Et de prévenir: "ce mouvement que j'ai lancé depuis des mois en votre nom, n'est pas accompli (...) Ce sont les Français qui vont décider dimanche de son issue".
cp/sm/fm
"Je vois votre enthousiasme, je mesure votre confiance, je devine votre attente. Ca monte, ca monte, ca monte encore!", a lancé le candidat PS à la présidentielle lors de ce meeting en plein air, dernier grand rassemblement de campagne du 1er tour, sous les hourras et cornes de brumes d'un public nombreux, où fusaient les "François président".
"Je suis venu ici à 3 jours du premier tour pour vous rappeler l'enjeu du dimanche. L'enjeu du dimanche, ce n'est pas un classement, ce n'est pas un ordre d'arrivée. L'enjeu de dimanche, ce n'est pas de savoir qui va arriver troisième, quatrième ou même dernier. L'enjeu du dimanche, c'est de placer au plus haut le candidat du changement", a assuré le député de Corrèze devant plusieurs milliers de personnes.
"L'enjeu de dimanche c'est de me donner la force nécessaire pour défier au second tour le candidat sortant", de "rendre la victoire irrésistible, irréversible". "C'est tout de suite qu'il faut créer le mouvement, la dynamique".
"Un mouvement s'est levé, un mouvement sage, déterminé, puissant. Un mouvement qui veut changer de président (...) un mouvement qui veut donner à gauche la responsabilité du pays", a assuré M. Hollande dans le vaste parc Palmer de cette commune proche de Bordeaux.
"Nicolas Sarkozy avait voulu voir une vague (...) pour une fois il ne s'était pas trompé, elle arrive la vague, elle est haute, elle est puissante et il va la prendre de face la vague!", s'est-il exclamé
Réaffirmant qu'il voulait être un "candidat normal pour un président normal", car "tout ce qui s'était passé depuis cinq ans était profondément anormal", il a fustigé ce quinquennat "celui de tous les excès" une "présidence tellement présente et si peu efficace".
"Une alternance part toujours de loin. Elle n'est jamais une surprise, une fantaisie, un caprice, un emballement d'un peuple. Une alternance est une somme de colères", a-t-il lancé, citant les "colères contre les injustices", "les désordres de la finance" et "tant de manquements aux valeurs de La République".

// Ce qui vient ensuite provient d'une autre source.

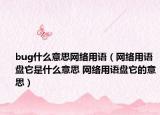 bug什么意思网络用语（网络用语盘它是什么意思 网络用语盘它的意思）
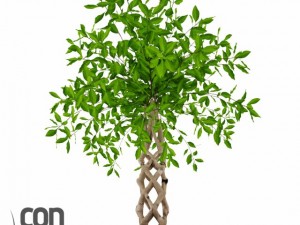 potted plant13 3D Model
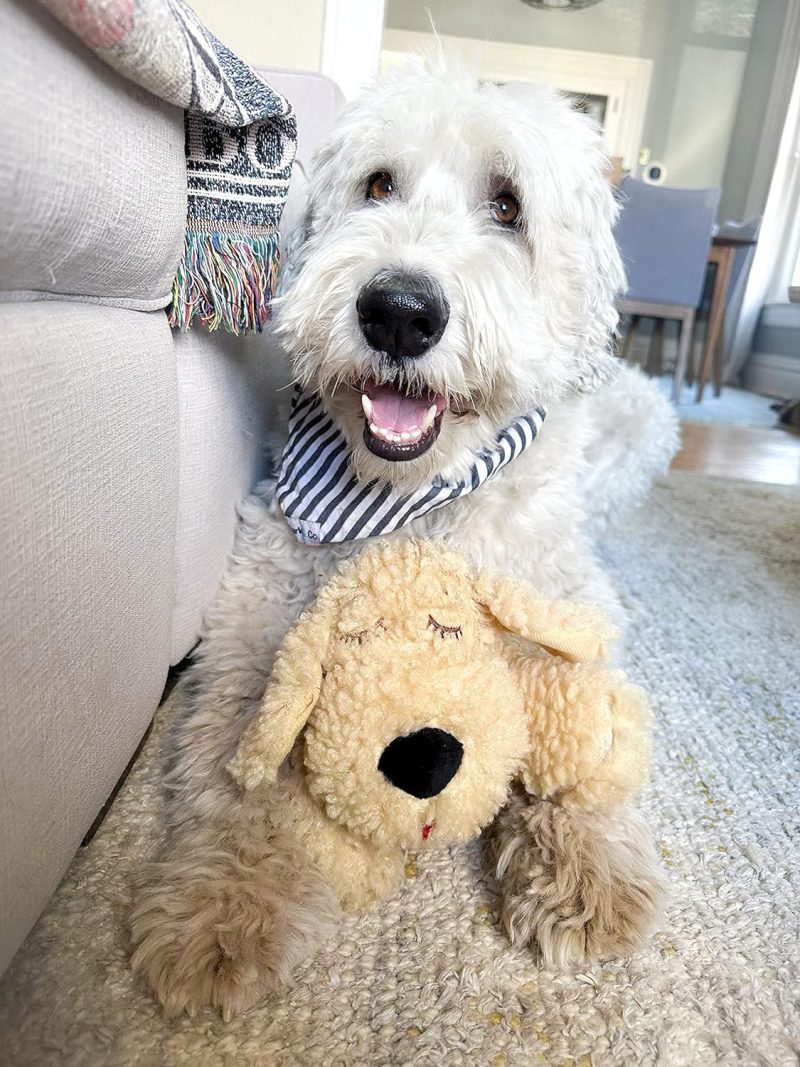 Original Snuggle Puppy Heartbeat Stuffed Toy for Dogs. Pet Anxiety Relief and Calming Aid, Comfort Toy for Behavioral Training - Image 17
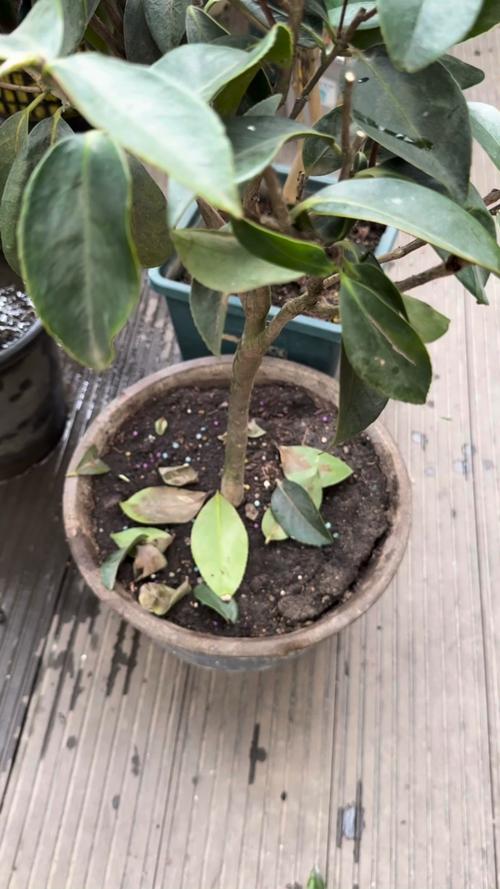 茶花树老掉叶子是怎么回事?常见原因与分步排查指南 处理办法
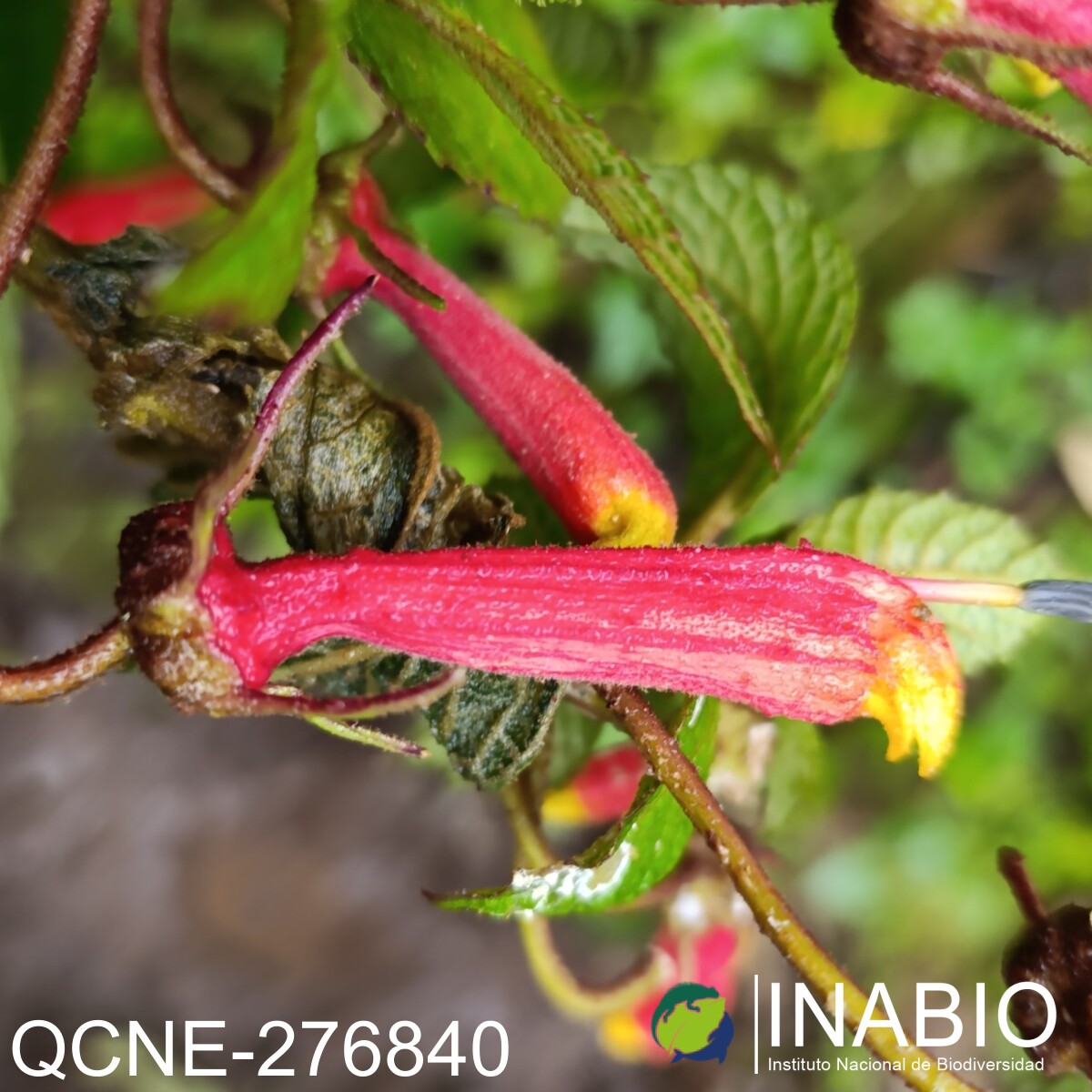 Centropogon medusa image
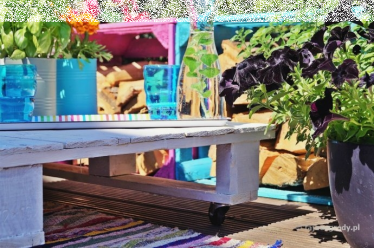 Konkurs "Kolory lata w moim ogrodzie"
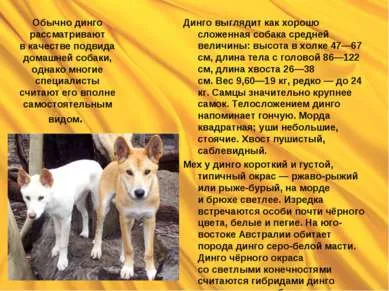 Собака дінго - презентація до уроку географії (презентація з географії собака дінго) Собака дінго - презентація до уроку географії
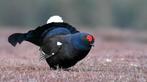 Gezocht koppel korhoenders, Dieren en Toebehoren, Meerdere dieren, Wildzangvogel, Geringd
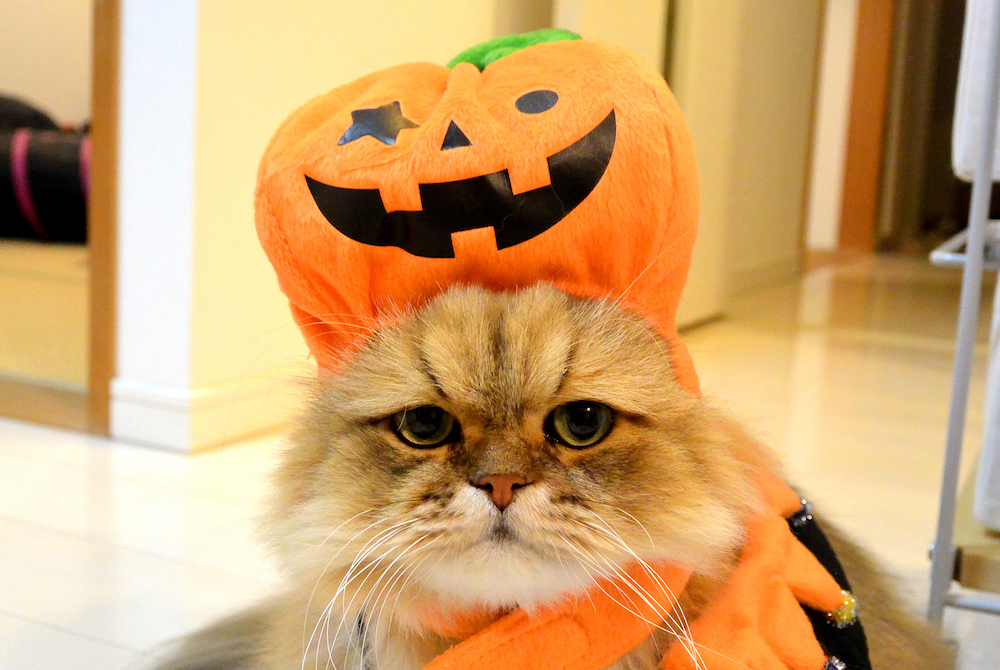 (C)ねこ休み展in大阪 / 牧野直樹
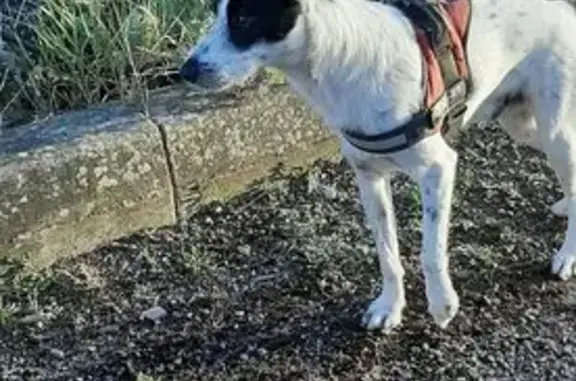 Animaux trouvés Beaune, photo: Chien noir et blanc trouvé à Beaune
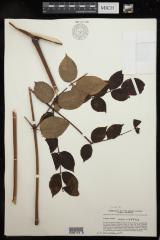 Devil's walking stick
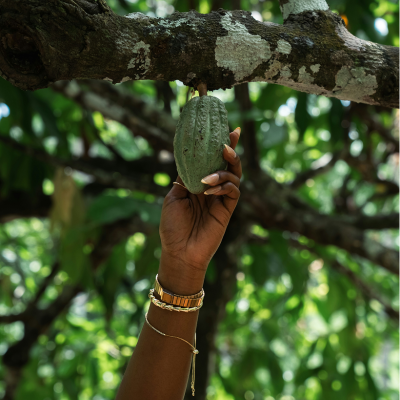 Gift Card - 120€ Gift Card - 120€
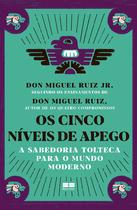 Livro - Os cinco níveis de apego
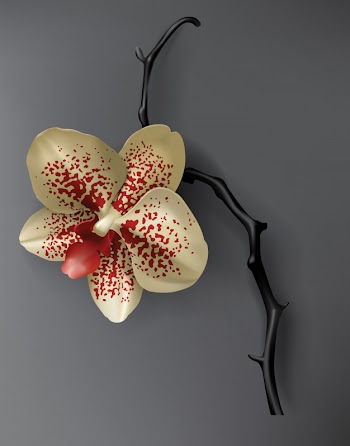 Tropical black, red and gold orchid flower on dark Free Vector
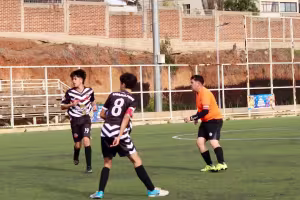 Partido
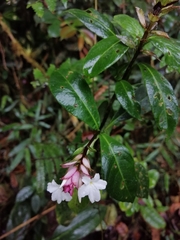Epidendrum fimbriatum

"Nous avons craint un moment les nuages, nous les avons dissipés, écartés, repoussés et nous sommes là avec un ciel tout rose pour le 6 mai", a assuré M. Hollande.
"Vous êtes là! Rien ne vous a arrêtés, ni la pluie, ni la froid, ni la route Rien ne nous arrêtera jusqu'au 6 mai", a-t-il lancé.
"La foule est chaleureuse, les sondages, paraît-il sont favorables, alors méfiez-vous! Méfiez-vous car ces enquêtes sont contradictoires. Gardez-vous des pronostics hasardeux (...). J'en connais qui cèdent à l'euphorie, je devine certains empressements de ceux qui s'y voient déjà. Nous n'y sommes pas encore", a averti le député de Corrèze.
Et de prévenir: "ce mouvement que j'ai lancé depuis des mois en votre nom, n'est pas accompli (...) Ce sont les Français qui vont décider dimanche de son issue".